**EXERCISE DESCRIPTION:**
What you write should be an exact repeat of the lines from the one with "Harness - 2834080600" through the final line below, minus the pictures.

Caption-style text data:
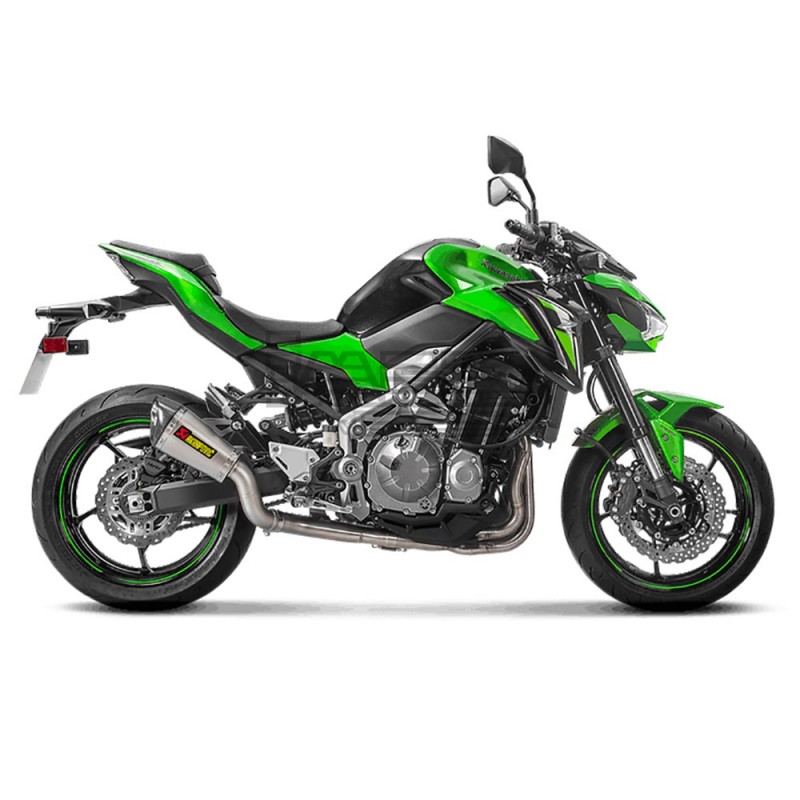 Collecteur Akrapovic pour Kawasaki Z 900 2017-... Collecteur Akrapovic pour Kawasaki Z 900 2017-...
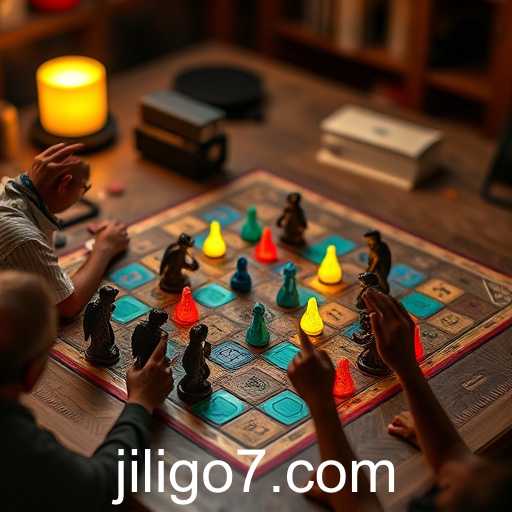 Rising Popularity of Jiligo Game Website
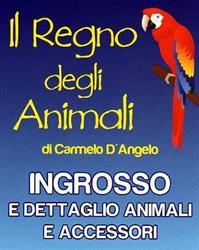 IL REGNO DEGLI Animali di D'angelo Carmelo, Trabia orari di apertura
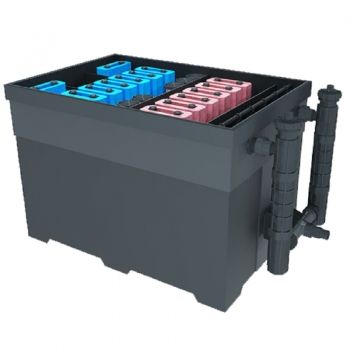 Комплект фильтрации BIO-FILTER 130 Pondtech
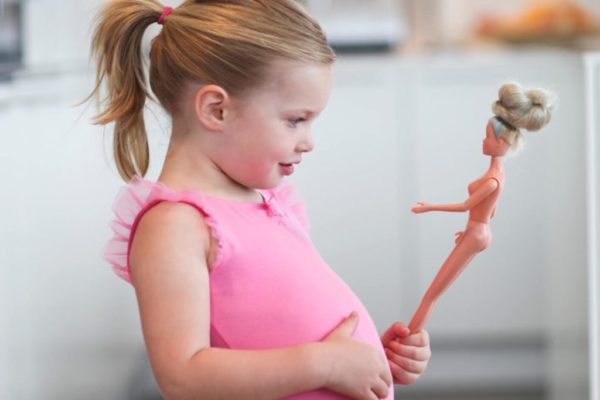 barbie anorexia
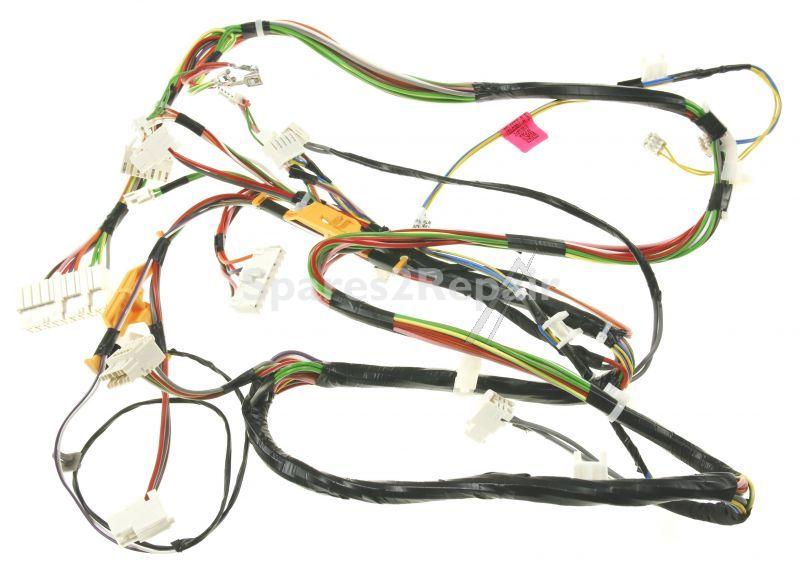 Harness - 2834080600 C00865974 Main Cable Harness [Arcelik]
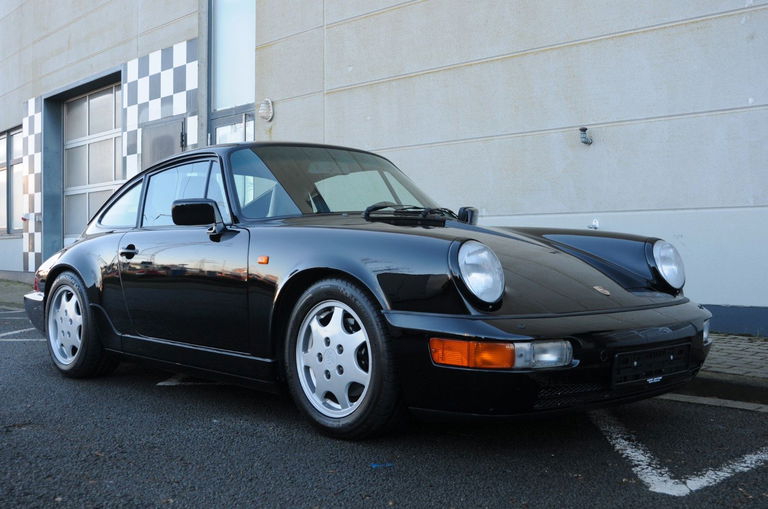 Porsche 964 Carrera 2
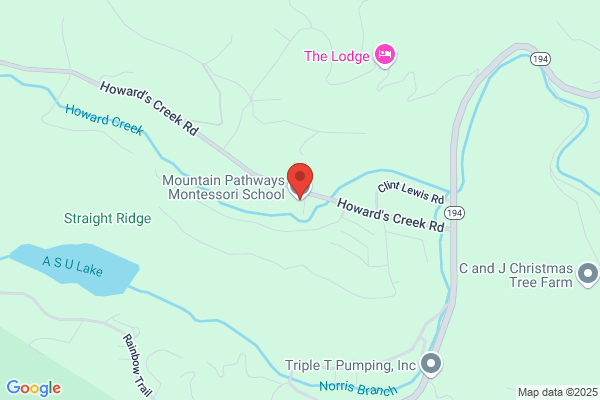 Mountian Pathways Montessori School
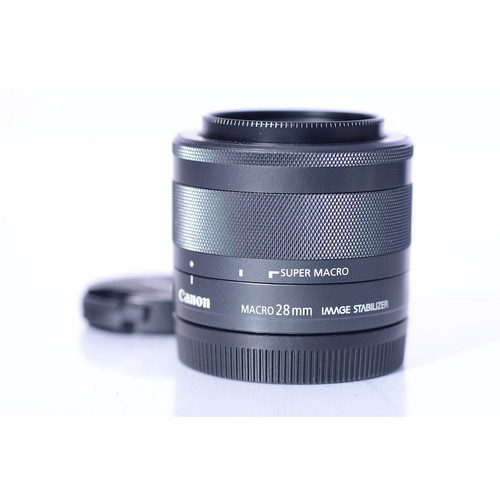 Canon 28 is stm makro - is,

**EXPECTED ANSWER:**
 Harness - 2834080600 C00865974 Main Cable Harness [Arcelik]
 Porsche 964 Carrera 2
 Mountian Pathways Montessori School
 Canon 28 is stm makro - is,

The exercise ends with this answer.